🤖 AI Summary
This work addresses the growing tension between surging AI compute demand and the limited capacity of power grids by proposing AI Greenferencing—an architecture that deploys modular AI inference services directly at remote wind farms to harness their surplus renewable energy. To mitigate the instability of compute resources caused by wind intermittency, the authors design XWind, a lightweight, task-agnostic cross-site inference routing system that dynamically schedules requests based on real-time metrics including latency, KV cache utilization, and queue depth, achieving efficient load balancing without requiring future predictions. XWind integrates round-trip network latency analysis, site capacity adaptation, and multi-site coordination, supporting heterogeneous GPUs and diverse workloads. Experiments on a 64-GPU A100 testbed demonstrate that, compared to the strongest baseline, XWind reduces P99 end-to-end latency by 52% and cuts power consumption by up to 98%, while maintaining robust performance across varying loads and hardware configurations.
📝 Abstract
AI power demand is growing at an unprecedented rate while power grids are often ailing and struggle to keep up. Grid expansion comes with high capital expenditure and long-distance transmission losses, yet there is abundant renewable energy at the source, just not matched to demand.

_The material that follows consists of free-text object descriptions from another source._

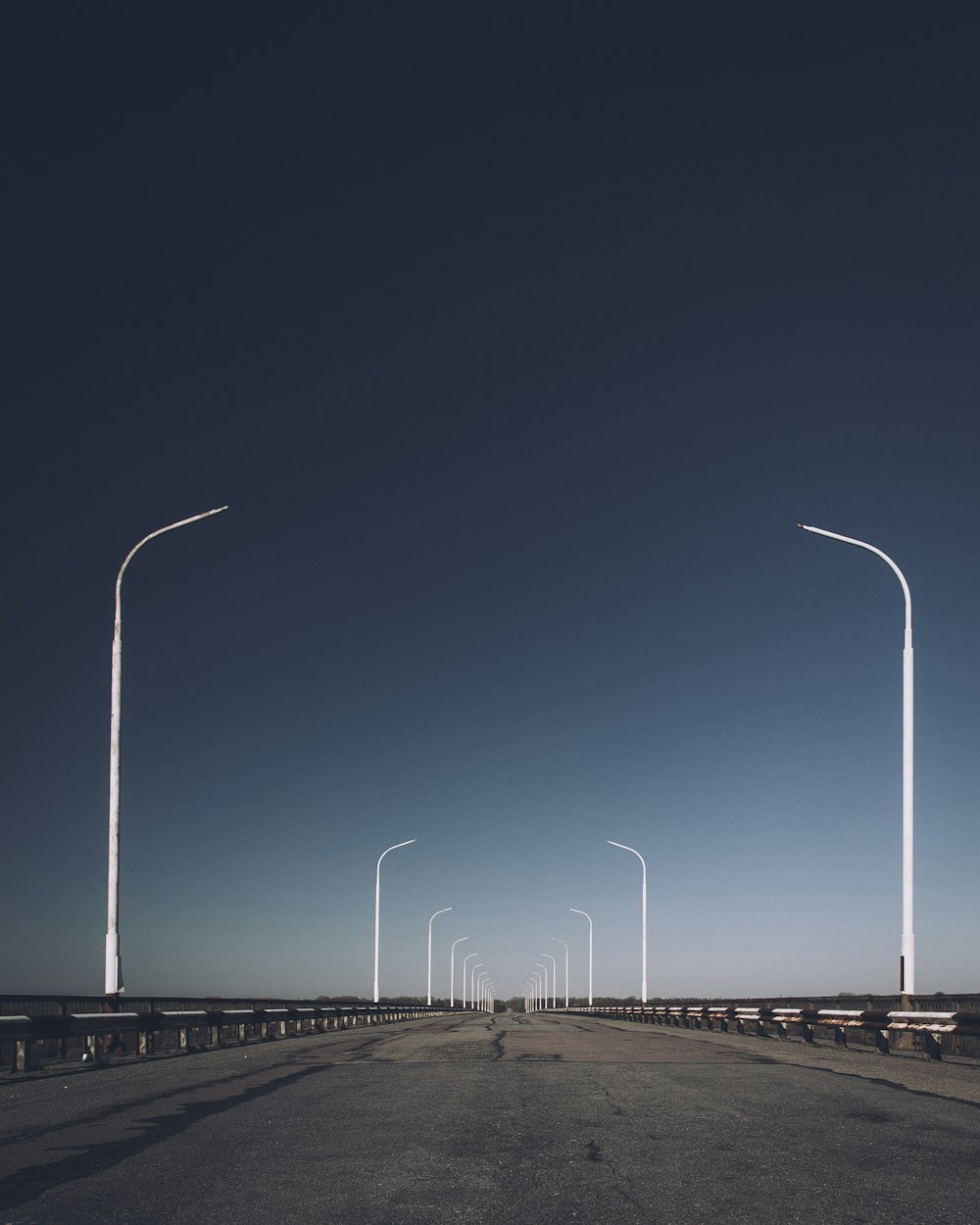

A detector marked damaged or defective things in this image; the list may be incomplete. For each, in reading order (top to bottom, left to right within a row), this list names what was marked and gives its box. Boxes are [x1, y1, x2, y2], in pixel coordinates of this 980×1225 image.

cracked asphalt [1, 1009, 980, 1220] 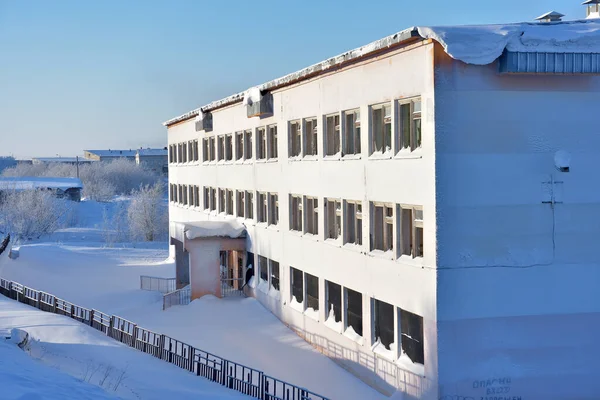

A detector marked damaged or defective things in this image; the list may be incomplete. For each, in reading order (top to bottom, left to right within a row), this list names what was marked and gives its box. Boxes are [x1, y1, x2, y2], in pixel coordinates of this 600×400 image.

broken window [342, 109, 360, 156]
broken window [370, 103, 394, 155]
broken window [398, 97, 422, 152]
broken window [344, 202, 364, 245]
broken window [370, 203, 394, 253]
broken window [400, 206, 424, 260]
broken window [344, 288, 364, 338]
broken window [372, 298, 396, 352]
broken window [400, 310, 424, 366] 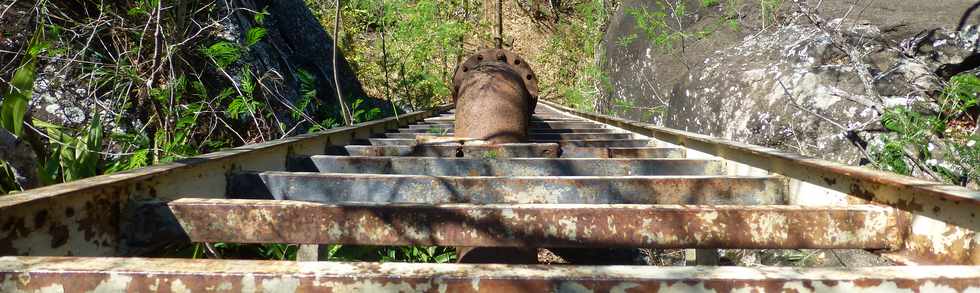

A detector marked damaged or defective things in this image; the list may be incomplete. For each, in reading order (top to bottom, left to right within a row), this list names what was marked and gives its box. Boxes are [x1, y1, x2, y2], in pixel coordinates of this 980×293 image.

This paper proposes a complementary AI infrastructure deployment model, AI Greenferencing, that brings modular AI compute to renewable energy sources, focusing on wind, allowing AI footprint expansion, generating local behind-the-meter demand for renewable sites, and helping ease the growing strain on power utilities. Our feasibility analysis shows that 890+ GW of wind capacity lies within 50 ms network round trip time of Azure data centers, and that site-wise right-sizing combined with spatial complementarity of wind energy keeps aggregate fleet utilization on par with traditional deployments.
To serve inference requests under variable wind power, we build XWind, a lightweight, reactive, and workload-agnostic AI inference router that uses only real-time signals: inference latency, KV-cache utilization, and queue depth, to dynamically configure sites and distribute requests. Evaluated on a real 64-GPU A100 testbed emulating three wind-powered sites with Azure production traces, XWind reduces P99 end-to-end latency by up to 52% over the strongest contender (also our idea) and by up to 98% over baselines such as power-capping and GPU idling, with consistent gains across workload types, load levels, and GPU generations.